Namun klasifikasi ini tetap sangat penting mengingat klasifikasi ini
membedakan ucapan dan tindakan Rasulullah dari ucapan para sahabat maupun tabi'in di mana hal ini sangat membantu dalam area perkembangan dalam fikih (Suhaib Hasan, Science of Hadits).
Berdasarkan keutuhan rantai/lapisan sanad
Berdasarkan klasifikasi ini hadits terbagi menjadi beberapa golongan yakni Musnad, Mursal, Munqathi’, Mu’allaq, Mu’dlal dan Mudallas.

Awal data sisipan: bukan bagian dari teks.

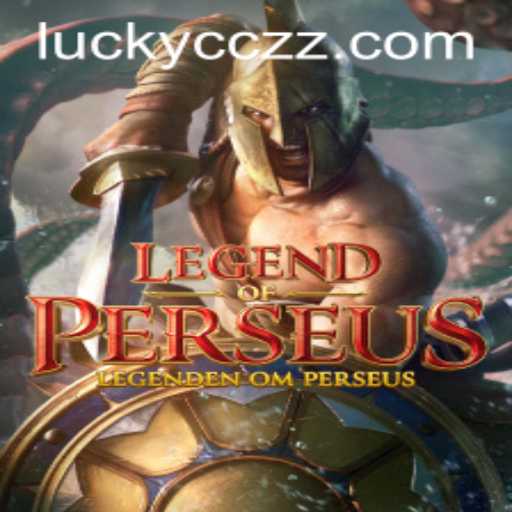 Discover the Epic Adventure: LegendofPerseus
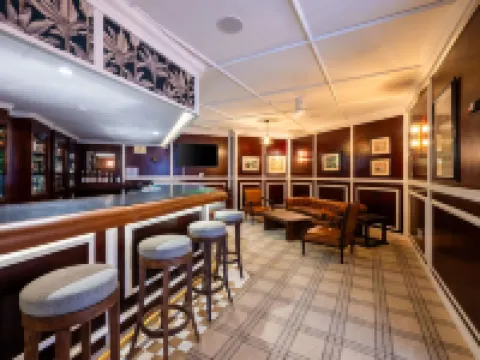 Anew Resort Wilderness Garden Route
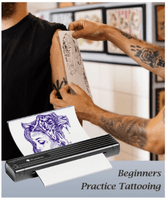 Phomemo TP83 Tattoo Stencil Printer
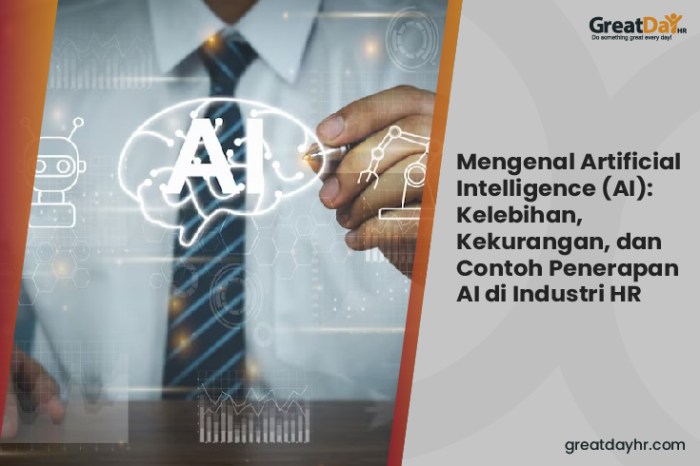 Peluang UMKM di Era Artificial Intelligence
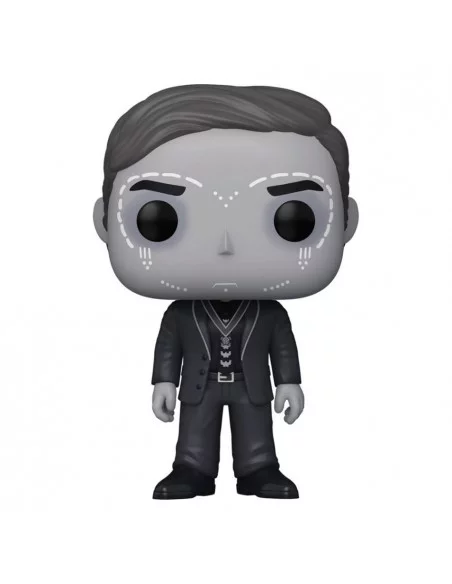 es::Werewolf By Night Funko POP! Jack Russell 9 cm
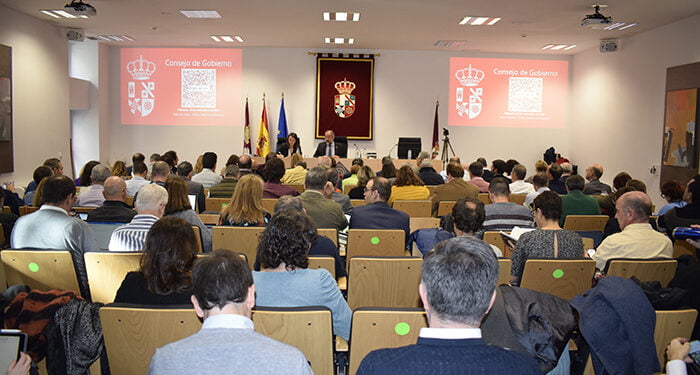 La UCLM aprueba un presupuesto de 296 millones de euros para 2023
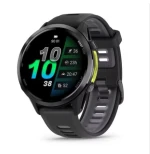 Forerunner 970 Premium GPS Running Triathlon Smartwatch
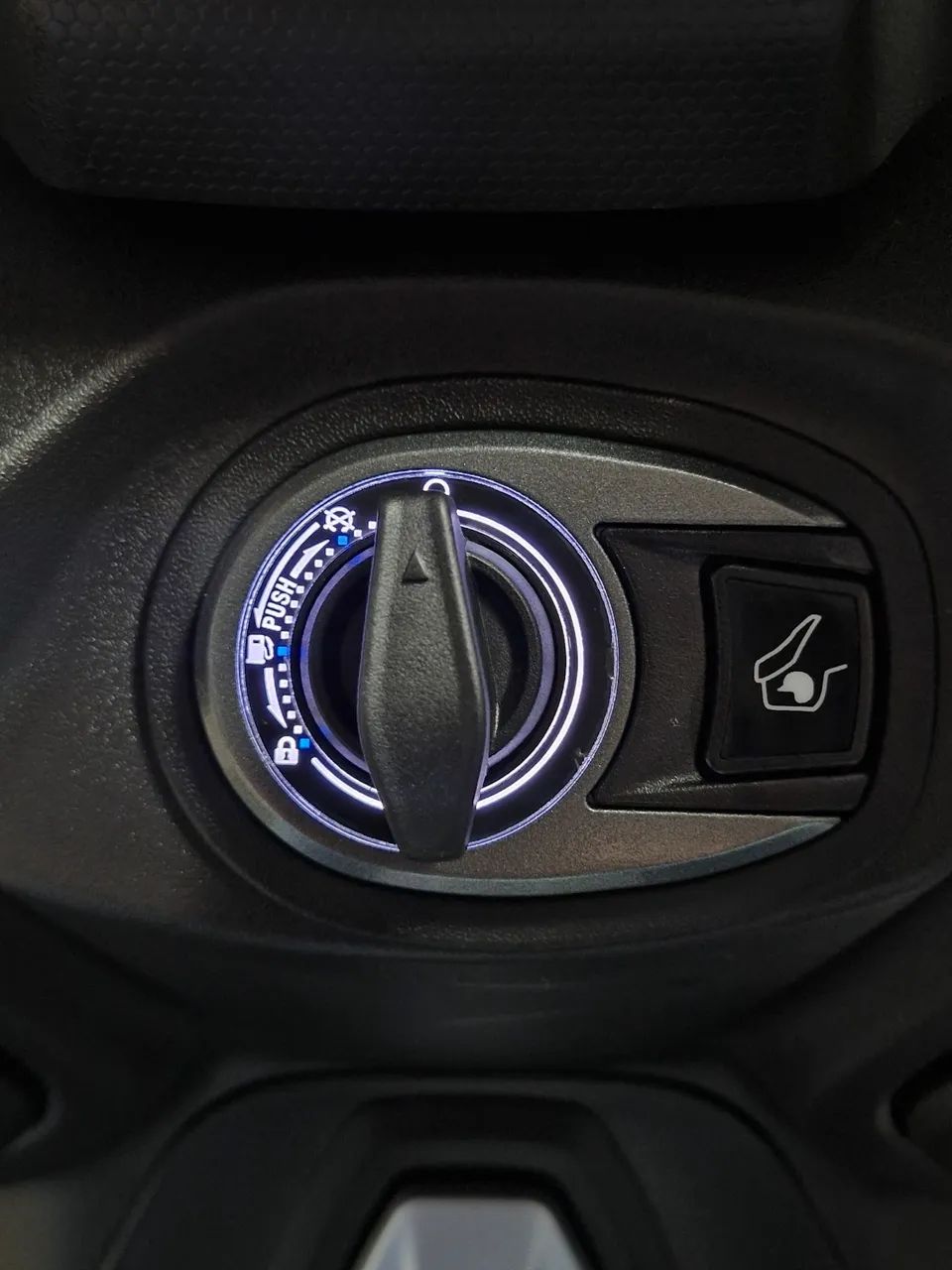 Dafra SYM Maxsym 400 GT 2026 - Foto 5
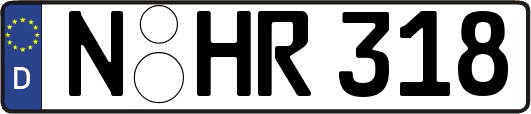 N-HR318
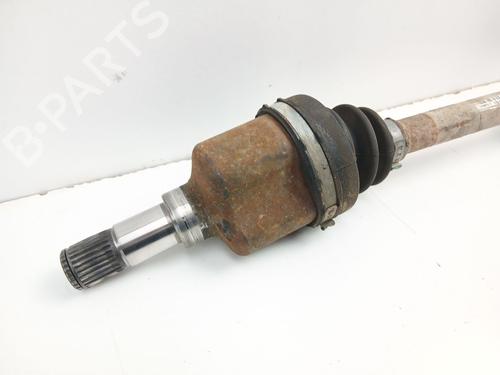 Left front driveshaft FORD FOCUS II (DA_, HCP, DP) 1.8 TDCi | BP33654912M38  - Image 6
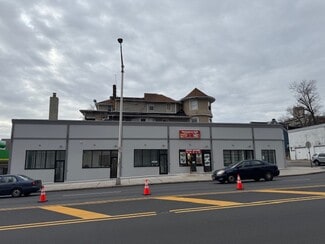 East Orange, NJ undefined - 225-233 Central Ave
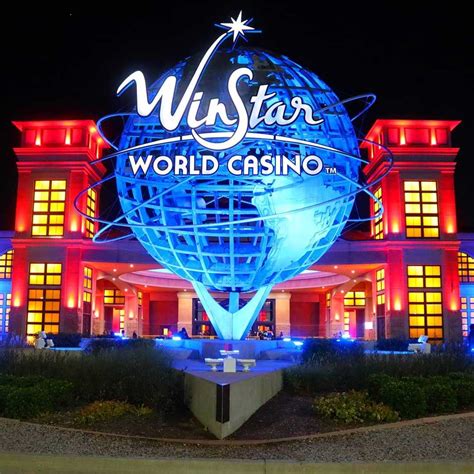 Como Agora E Winstar Casino De Dallas Tx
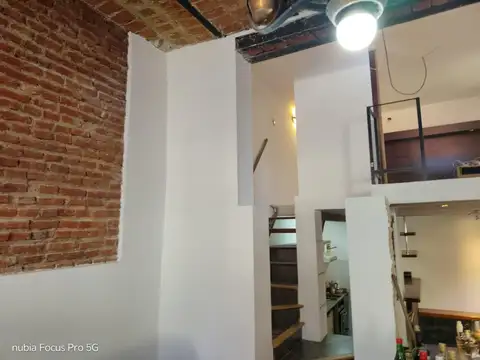 Depto Tipo Casa en Venta 25 años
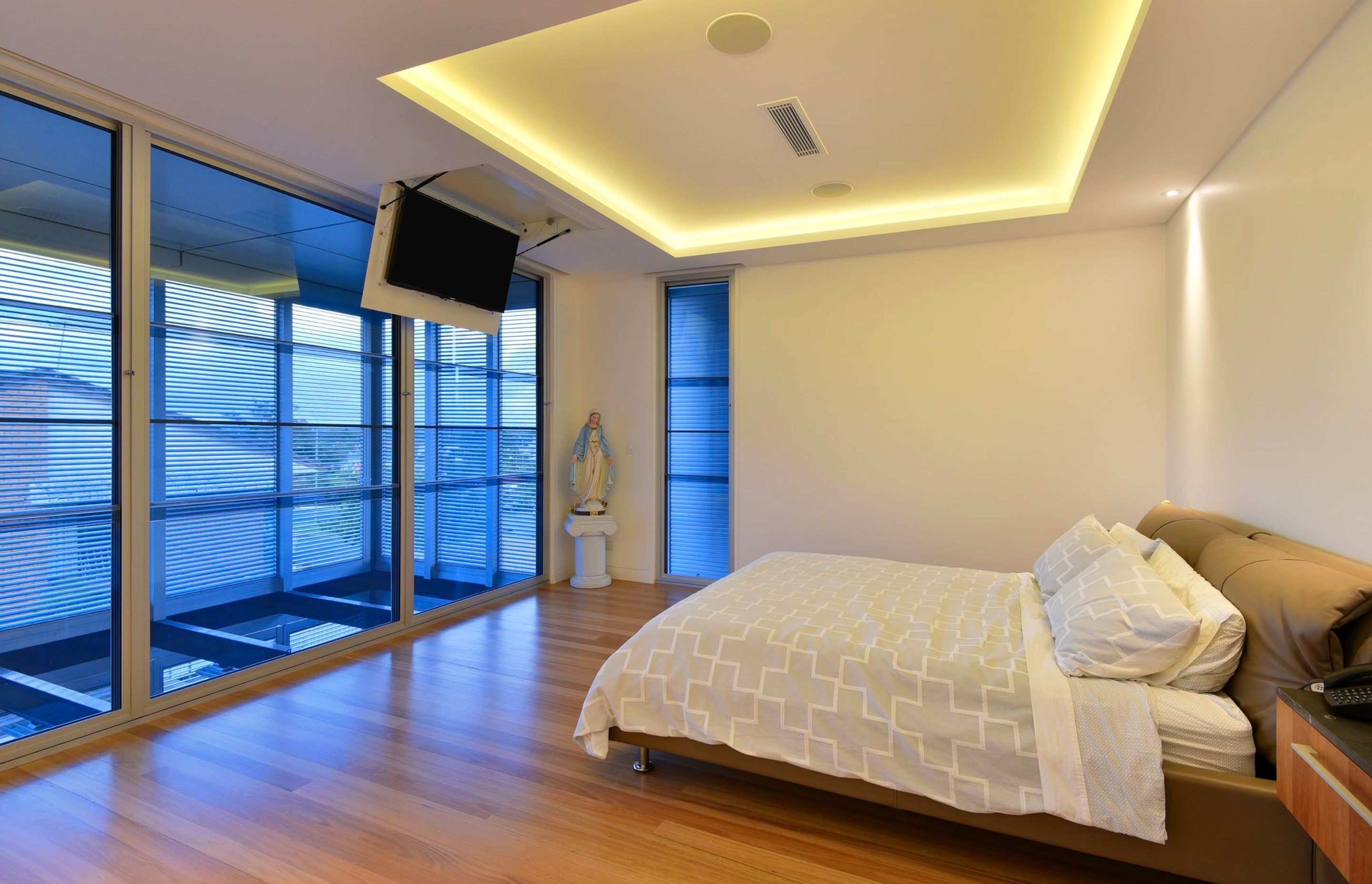 Carina Heights New Luxury Home Design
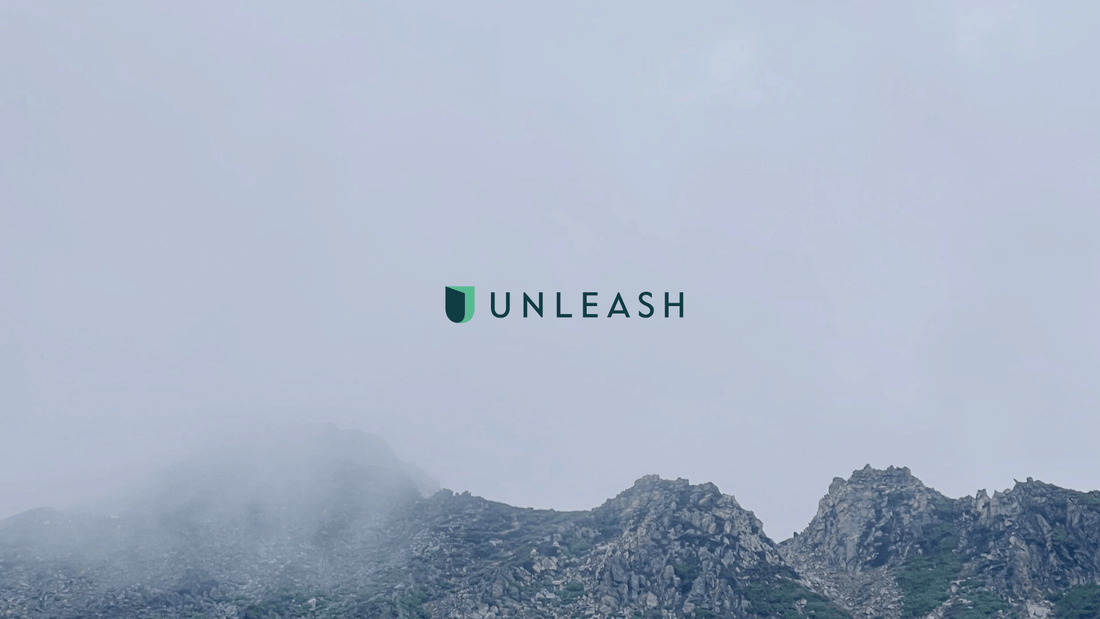 UNLEASH Equipmentことはじめ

Keutuhan rantai sanad maksudnya ialah setiap penutur pada tiap
tingkatan dimungkinkan secara waktu dan kondisi untuk mendengar dari
penutur di atasnya.
- Ilustrasi sanad: Pencatat hadits > Penutur 5> Penutur 4> Penutur 3 (tabi'ut tabi'in) > Penutur 2 (tabi'in) > Penutur 1 (para shahabi) > Rasulullah
- Hadits Musnad. Sebuah hadits tergolong musnad apabila urutan
sanad yang dimiliki hadits tersebut tidak terpotong pada bagian
tertentu. Urut-urutan penutur memungkinkan terjadinya penyampaian hadits
berdasarkan waktu dan kondisi, yakni rawi-rawi itu memang diyakini
telah saling bertemu dan menyampaikan hadits. Hadits ini juga dinamakan muttashilus sanad atau maushul.
- Hadits Mursal, bila penutur 1 tidak dijumpai atau dengan kata lain seorang tabi'in menisbatkan langsung kepada Rasulullah
(contoh: seorang tabi'in (penutur 2) mengatakan "Rasulullah berkata..."
tanpa ia menjelaskan adanya sahabat yang menuturkan kepadanya).
- Hadits Munqathi’, bila sanad putus pada salah satu penutur, atau pada dua penutur yang tidak berturutan, selain shahabi.
- Hadits Mu’dlal, bila sanad terputus pada dua generasi penutur berturut-turut.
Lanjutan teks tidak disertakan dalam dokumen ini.